Consejos para vencer a la astenia
La aparición de la fatiga es muy probable a lo largo de las distintas etapas de la vida. Sin embargo dejarle que acuda con la intención de instalarse de un forma crónica, seducida por una dieta poco sana y equilibrada, ausencia de descanso, exceso de preocupaciones y una acumulación de estrés, depende única y exclusivamente de cada persona.
La pérdida de entusiasmo, de energía, agotarse con facilidad, la dificultad de concentración en las actividades cotidianas, o incluso la relación poco fluida con amigos y familia pueden derivarse de padecer algún tipo de fatiga, sobre todo en el caso de que llegue a convertirse en una fatiga crónica.
Para lograr evitar todo este conjunto de síntomas que los médicos denominan “agotamiento nervioso”, es necesario:
- La práctica de ejercicios de relajación y de respiración ayudarán a disminuir la carga de los síntomas mencionados, así como el procurarse un suficiente descanso nocturno.
- Hay que aprender a expresar los propios sentimientos y no reprimirlos y acumularlos, de lo contrario el cansancio puede manifestarse como un síntoma de emociones ocultas.
- Es aconsejable imponerse un programa moderado de actividades y ejercicios, al aire libre si es posible.
- La dieta debe ser equilibrada y regular.

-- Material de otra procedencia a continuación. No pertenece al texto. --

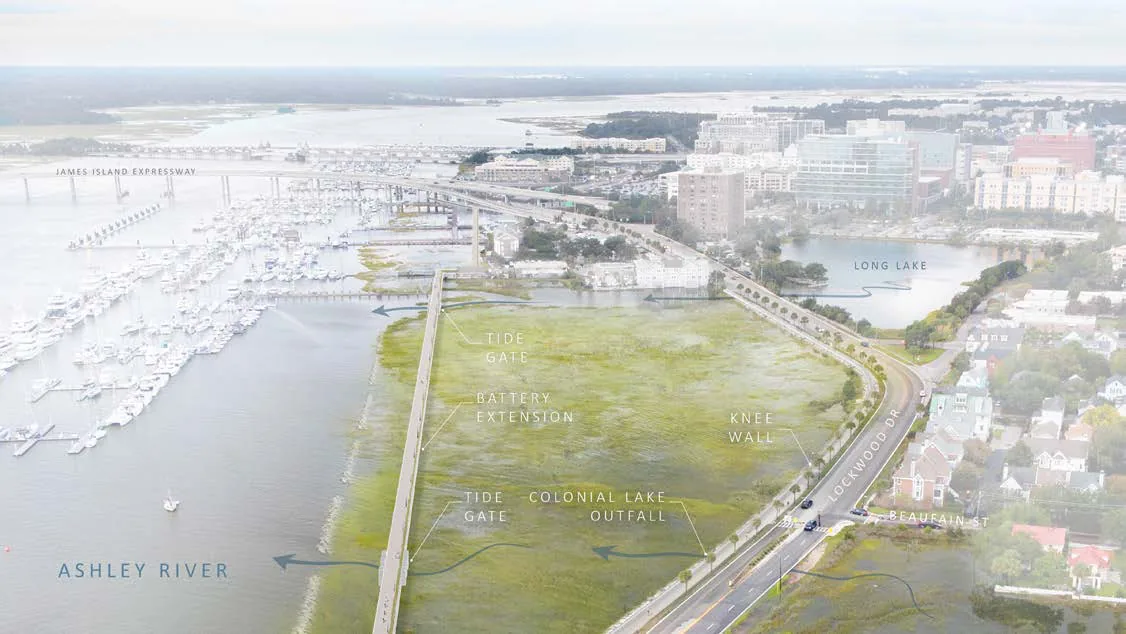 Aerial rendering of the Battery Extension set outboard of Lockwood Drive to create water-storage space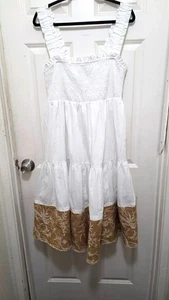 Abercrombie & Fitch White & Gold Embroidered Tiered Dress Ruffled Straps Smocked - Picture 1 of 8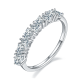 Heart-Cut Moissanite Half Eternity Wedding Band Ring in 925 Sterling Silver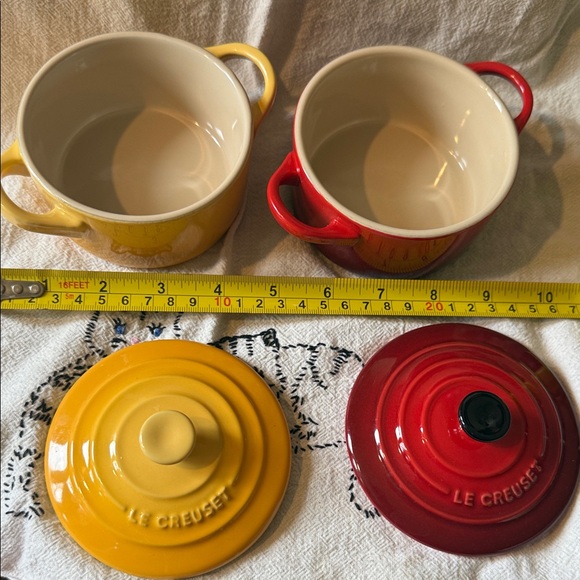Le Creuset Yellow and Red Mini Cocottes Set - Picture 5 of 6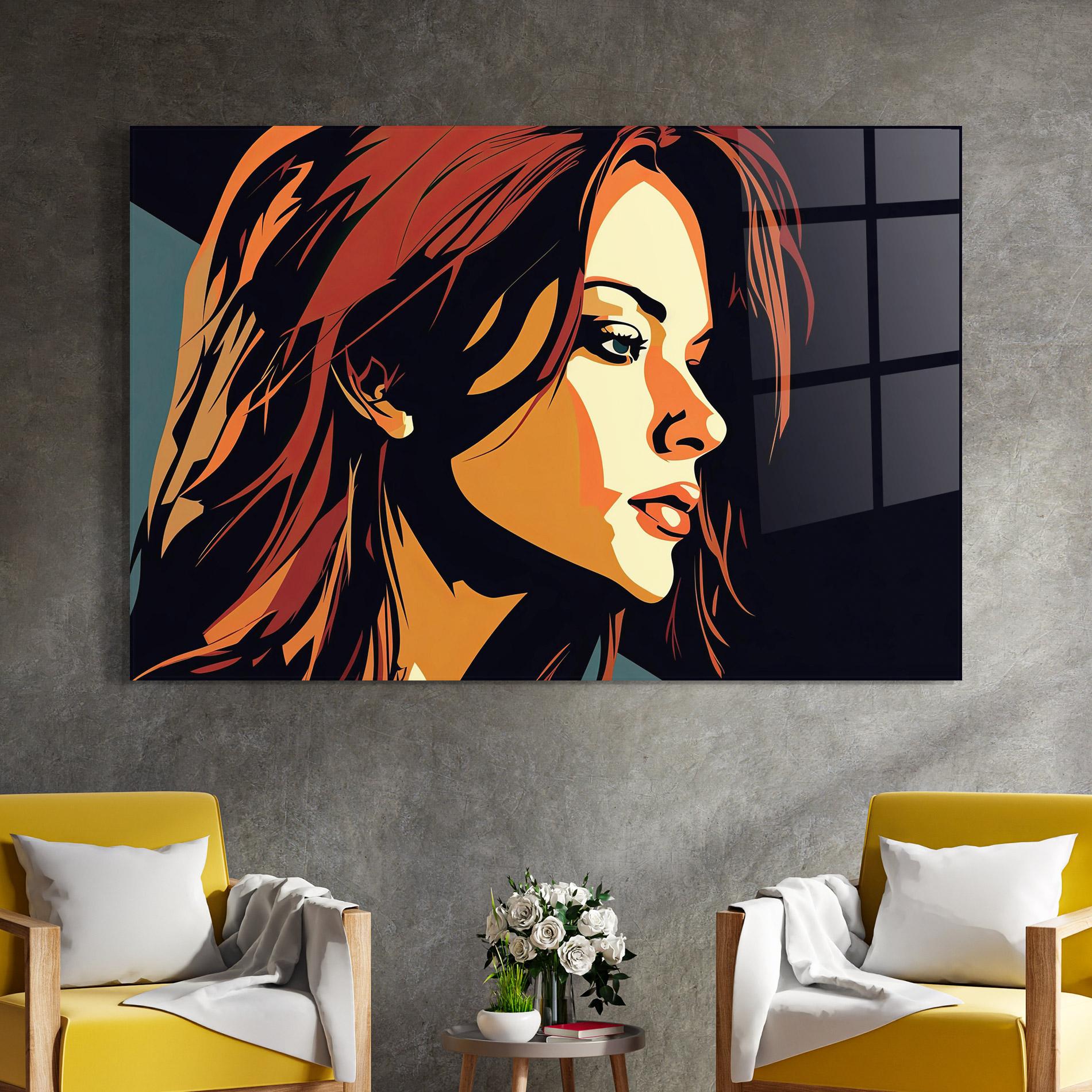 Стъклена картина Brown Pop Hair mockup 4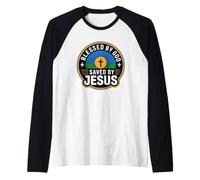 Blessed By God Saved By Jesus Raglan Baseball Tee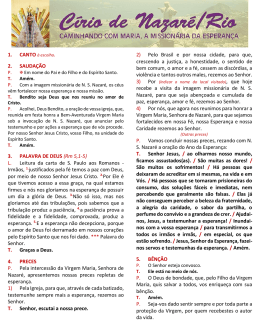 Folheto para oração - Círio de Nazaré 2015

Rica en proteínas ayudará a combatir el cansancio tan propio de la fatiga. Y es necesario reducir el consumo de azúcar y evitar los estimulantes como la cafeína, que se encuentra en el café, en el té, el chocolate y en las bebidas de cola.
- Es recomendable la incorporación a la alimentación de todo tipo de vitaminas y minerales, en particular de; hierro, cinc, potasio, vitamina C y ácido fólico.